E-mail lists and blogs covered the Open Source Geospatial Foundation's (OSGeo) announcement of a Tile Map Service Specification last week. It's a vision that springs from a real world problem: Web Map Servers (specifically those that offer free/public data via the OGC's Web Map Service Specification) go down or get bogged down. That means that the Landsat data you were counting on to use as the background for a map may be slow to show up or never reach you. Schuyler Erle offered up a vision to solve this situation at the Open Source meeting in Minneapolis last year (document here).
Erle’s animated presentation (it was a lightening session) and the fact that so many in the room (myself included) had "been there" provoked a lot of response. In brief, and not too technically, he envisioned a series of servers that cached commonly used public data and could redundantly serve it up, really fast. That idea seems to have grown to include the idea of tiles and a standard way of calling those tiles. The interest from last year apparently continued to this year's FOSS4G conference held in September, resulting in, among other things, a wiki.
Some bloggers have examined practical issues - like where to store data and not pay too much. Other bloggers examined the idea in general, including our own contributing writer Simon Greener.
It is nice to see the use of tiled map libraries becoming more visible and getting some respect. Post MrSID and ECW, there was, I think, a presumption that technology like image catalogs were "old technology" and we know what such a pejorative tag being "old" is in the buzzword driven world of modern IT.OSGeo: Standards Organization?

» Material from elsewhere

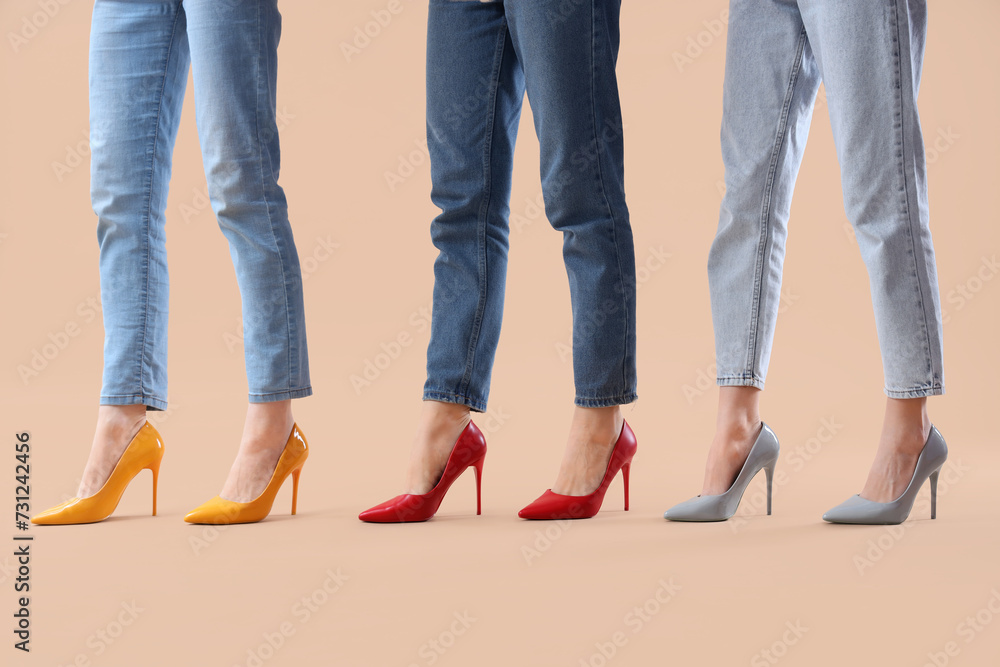 Female legs wearing different high heeled shoes on beige background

It appears that the increased visibility of Tiled Map Services, such as Google Maps, etc., has meant that the issue of image catalog use is being revisited.
About time.
I can't comment on the technical merits of the specification as it gets pretty deep pretty fast. But I did wonder about OSGeo's plan for its role (or non-role) in developing standards. The organization's mission does not include standards, per se: "The Open Source Geospatial Foundation, or OSGeo, is a not-for-profit organization whose mission is to support and promote the collaborative development of open geospatial technologies and data." One of the organization's goals, which underlie the mission, however is to promote standards: "To encourage the implementation of open standards and standards-based interoperability in foundation projects."

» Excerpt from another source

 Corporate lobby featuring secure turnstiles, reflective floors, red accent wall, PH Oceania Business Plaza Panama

I contacted OSGeo to get a sense of its plans concerning standards. This from OSGeo President Frank Warmerdam:
This is not well understood internally yet. On the one hand, I don't want to take on a "standards process" as a part of our mission. I am generally pleased to have OGC, ISO, IETF, etc take on that role which is a hard one.My Take
On the other hand, we have lots of folks on different projects interested in establishing some defacto common approaches, which in some cases might later be taken to a formal standards organization.

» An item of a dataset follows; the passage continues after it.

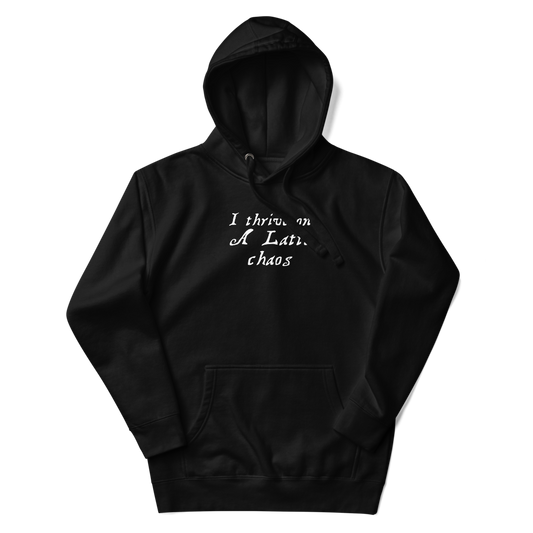 "I thrive on a latte chaos" printed on a black unisex hoodie laying on a flat surface with the hood up
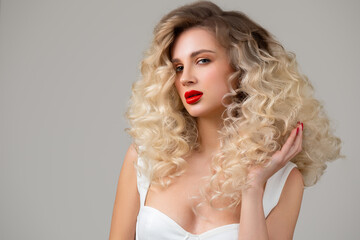 A beautiful curly blonde with long hair raises and shows her hair with her hand. Makeup with red lips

Whether we formalize this in any way is still open to debate. There are those that would like to see OSGeo as a home for lightweight standards like GeoRSS and tile spec standards.
There are a few things going on here, most of which I think are positive.
- OSGeo brought together enough players to agree that this is a common problem.
- OSGeo enabled members and the open source community to get together to propose a solution without any formal standards process. This is not unlike how GeoRSS got going, though it was not under any organization's (OGC, OSGeo, W3C's) auspices.
- OSGeo has not ruled out anything at this point - OSGeo might do standards, or it might depend on existing organizations to formally vet what it produces, or neither of the above.
- OSGeo, like GeoRSS.org, has put out a document that people can begin to explore. To date, I've found one implementation from Paul Ramsey at Refractions.
The interest in "lightweight standards" is growing. GeoRSS is getting hot. Carl Reed wrote about microformats in OGC News (which I edit for OGC) a month ago. I read about a WFS-Basic, a trimmed down version of the OGC's Web Feature Service Implementation Specification. So, Warmerdam's suggestion that OSGeo might be part of that world makes sense.